I listen to sports-talk radio sometimes.  I’ve gotten away from it, because it’s all college up here in the triangle and I just can’t get into it.  I’m also about worn out with people telling me about everything in absolutes, as if they have every answer and every opinion they select is deeply founded in their being.  Occassionally, I’ll catch ESPN radio on my way to or from work.  I like the fringe guys, like their overnight guys and weekend shows.  One of my favorites, even if you can’t see the dude’s hair, stars Mel Kiper Jr. and one of those random ESPN talking heads, Dari Nowkhah.  Dari is good, he’s got a great story and you should read up on him, because as you hear things about these folks and their personal lives that fleshes them out, and I certainly feel that connection with Dari.  Mel is of course, the NFL Draft guru, no matter what ever comes of the younger guy ESPN has, Mel is the guy.  So, it’s a good show, only on saturday mornings Eight to Noon.

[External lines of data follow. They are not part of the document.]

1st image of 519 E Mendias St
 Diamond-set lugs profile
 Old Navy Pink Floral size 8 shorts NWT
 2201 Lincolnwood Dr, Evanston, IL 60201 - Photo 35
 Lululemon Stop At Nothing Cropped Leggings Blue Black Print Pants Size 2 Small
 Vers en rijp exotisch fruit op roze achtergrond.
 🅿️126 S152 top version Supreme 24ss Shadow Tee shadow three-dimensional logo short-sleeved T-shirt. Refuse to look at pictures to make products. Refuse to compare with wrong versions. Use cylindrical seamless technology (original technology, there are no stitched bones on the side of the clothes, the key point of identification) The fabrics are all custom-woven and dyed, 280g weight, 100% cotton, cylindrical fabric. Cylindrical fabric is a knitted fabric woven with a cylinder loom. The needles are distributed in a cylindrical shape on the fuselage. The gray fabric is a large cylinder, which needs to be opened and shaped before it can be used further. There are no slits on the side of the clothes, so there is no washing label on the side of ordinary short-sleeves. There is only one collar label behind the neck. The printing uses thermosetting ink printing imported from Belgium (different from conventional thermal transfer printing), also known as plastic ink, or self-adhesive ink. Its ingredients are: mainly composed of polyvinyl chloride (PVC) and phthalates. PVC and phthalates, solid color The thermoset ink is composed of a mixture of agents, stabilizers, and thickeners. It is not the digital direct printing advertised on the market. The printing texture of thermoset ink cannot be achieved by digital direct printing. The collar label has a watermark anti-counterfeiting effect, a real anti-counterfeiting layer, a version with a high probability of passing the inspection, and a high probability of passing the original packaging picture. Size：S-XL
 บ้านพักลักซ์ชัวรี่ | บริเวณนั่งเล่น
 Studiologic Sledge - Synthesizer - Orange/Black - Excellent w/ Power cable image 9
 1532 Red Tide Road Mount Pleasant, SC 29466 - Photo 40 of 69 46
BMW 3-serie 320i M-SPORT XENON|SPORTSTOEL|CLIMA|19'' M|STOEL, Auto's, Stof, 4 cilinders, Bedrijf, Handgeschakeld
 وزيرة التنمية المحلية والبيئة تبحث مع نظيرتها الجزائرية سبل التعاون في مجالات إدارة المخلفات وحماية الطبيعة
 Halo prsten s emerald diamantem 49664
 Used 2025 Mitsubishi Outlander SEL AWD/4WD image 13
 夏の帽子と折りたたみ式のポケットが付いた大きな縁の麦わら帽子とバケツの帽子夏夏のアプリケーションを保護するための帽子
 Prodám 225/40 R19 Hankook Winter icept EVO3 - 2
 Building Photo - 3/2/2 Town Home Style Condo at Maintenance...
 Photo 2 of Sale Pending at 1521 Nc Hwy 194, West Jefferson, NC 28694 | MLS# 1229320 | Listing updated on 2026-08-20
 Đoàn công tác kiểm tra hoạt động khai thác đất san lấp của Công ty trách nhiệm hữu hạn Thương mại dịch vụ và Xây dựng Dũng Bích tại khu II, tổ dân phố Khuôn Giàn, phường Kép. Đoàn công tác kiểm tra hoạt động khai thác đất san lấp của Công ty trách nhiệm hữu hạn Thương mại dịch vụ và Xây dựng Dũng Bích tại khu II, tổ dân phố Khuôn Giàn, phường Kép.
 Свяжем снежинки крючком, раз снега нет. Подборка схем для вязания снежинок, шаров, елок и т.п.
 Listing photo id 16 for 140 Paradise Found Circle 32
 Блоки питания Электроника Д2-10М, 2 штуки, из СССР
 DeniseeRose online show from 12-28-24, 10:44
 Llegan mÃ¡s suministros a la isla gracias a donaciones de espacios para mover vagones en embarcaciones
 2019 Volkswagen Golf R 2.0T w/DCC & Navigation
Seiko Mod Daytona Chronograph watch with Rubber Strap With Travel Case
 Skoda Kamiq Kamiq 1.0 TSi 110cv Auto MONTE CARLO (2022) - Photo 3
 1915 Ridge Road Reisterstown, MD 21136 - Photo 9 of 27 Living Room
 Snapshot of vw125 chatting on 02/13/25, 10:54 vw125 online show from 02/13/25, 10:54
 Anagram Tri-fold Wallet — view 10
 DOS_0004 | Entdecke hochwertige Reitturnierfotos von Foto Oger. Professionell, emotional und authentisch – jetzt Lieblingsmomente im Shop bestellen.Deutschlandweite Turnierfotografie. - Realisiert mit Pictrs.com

They had their hero and zero of the week, Mel picked Bubba Watson for winning the Masters as his hero and some college football coach as his zero.  Dari, have I mentioned an odd listener-ESPN personality connection?  Dari picks Jeff Francoeur of the Royals as his hero.  Might be meaningless, but I went to college with Francoeur’s brother, or at least my friends did and I knew the guy pretty well, and he became my favorite baseball player when he was called up to the Braves and ignited my small flame for baseball.  So there was that, then he picked for his zero, the Charlotte Bobcats.  Not a Bobcats player, Michael Jordan, the coach the GM, any of it, the whole organization.

I felt the connection, he hooked me with Francoeur and set the hook deep by mentioning the Bobcats.  He lives in Charlotte and went to a game, the Washington Wizards game, as a fan, with a buddy who offered him a free ticket.  He wouldn’t have gone, nor mentioned it otherwise.  His experience and perspective left him with such an impression that he thought to spend a good bit of time, I’m talking 2-3 traffic lights, on how bad and hapless they are.  He wasn’t ripping them, he even said so, but the worst part, again, was when he said “And you know what, I’m not worried about backlash or hate-mail or any twitter reaction whatsoever.”  That cuts deep, not because of the source, but because of the truth in that statement.

People don’t pick on a lowly franchise for nothing.  They don’t even pity the Bobcats or the city of Charlotte anymore.  Doldrums, as I know it to mean, are the deadened, sort of listless, depression that seem difficult to get out of.  It’s not a rut, it’s the freakin’ doldrums and they suck to be in.  The Bobcats are solidly there, beat down, confused, dulled by the depth of uselessness and ineptitude.  And that’s the hardest part about being a fan:  seeing that, being helpless and still being attached.